被告は、本件選挙と長野市議会議員選挙とは投票日に一週間の間隔があり、かつ、選挙執行機関及び各種報道機関の啓発報道ならびに各候補者の選挙運動により、右両選挙の区別は一般選挙人の間に徹底していたものであるから、選挙人が投票に当り、右両選挙を混同したということはあり得ないものの如く主張するが、選挙人一般の現今の状況に鑑み、かつ、後記(六)の事実に鑑み、被告の右主張は到底採用し難い。
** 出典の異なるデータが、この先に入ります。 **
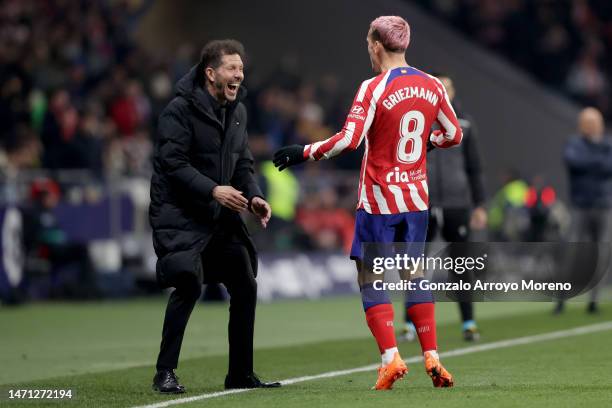 Antoine Griezmann of Atletico de Madrid celebrates after scoring their third side goal with Diego Simeone during the LaLiga Santander match between...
以上の外、本件九四票の投票が、広田寛二に投票する意思を以て、同人の氏名を誤記したものであると認めるべき証拠はない。却つて、

(四)、広田寛一は広田寛二の兄で実在の人物であること及び寛一は従来何回か長野市議会議員選挙に立候補したことがあり、昭和三四年四月三〇日施行の同議員選挙にも立候補していたものであることは、いずれも当事者間に争いがなく、また、成立に争いのない甲第二号証、証人臼井朋延、同小山貞雄の各証言を綜合すると、広田寛一は、右昭和三四年四月三〇日の長野市議会議員選挙には居町である同市大字南長野県町の町内から特に熱烈な支持をうけ、今回こそは当選しようとの意気込みに燃えて選挙運動に熱中していたものであること、また、広田寛一と同寛二とは、かつては何回か兄弟揃つて長野市議会議員選挙に立候補し、その都度弟寛二は当選するが兄寛一は落選するという意味で長野市民の間には相当有名になつていたものであること、を認めることができる。して見れば、広田寛一は長野市では相当に名を知られていた者で、特に広田寛一の住所たる同市県町及びその附近では、その程度が高かつた者であることを推認することができる。

(五)、広田寛一は長野市議会議員選挙に何回も立候補したが一回も当選したことがないのに、広田寛二は同議員にも当選し、その後長野県議会議員にも当選して一期をつとめ、本件選挙は、それに続いて立候補したいわゆる連続立候補であつたこと、寛一は保守系であるのに寛二は社会党員であること、寛一は興行関係の職業に従事しているのに寛二は土建業者であること、以上はいずれも当事者間に争いなく、また、成立に争いのない甲第二、三号証に証人臼井朋延、同広田寛二の各証言を綜合すると、寛一の住所は長野市大字南長野県町四六二番地であり、寛二の住所は同市同大字南石堂町一二二六番地イ号一三で、その間二ないし四キロメートルの距離があることを認められる。そうだとすれば、前記(四)の事実とも相待つて、広田寛一と同寛二とが別人であることの識別は、長野市民の間には、相当に普及していたものと推認することができる。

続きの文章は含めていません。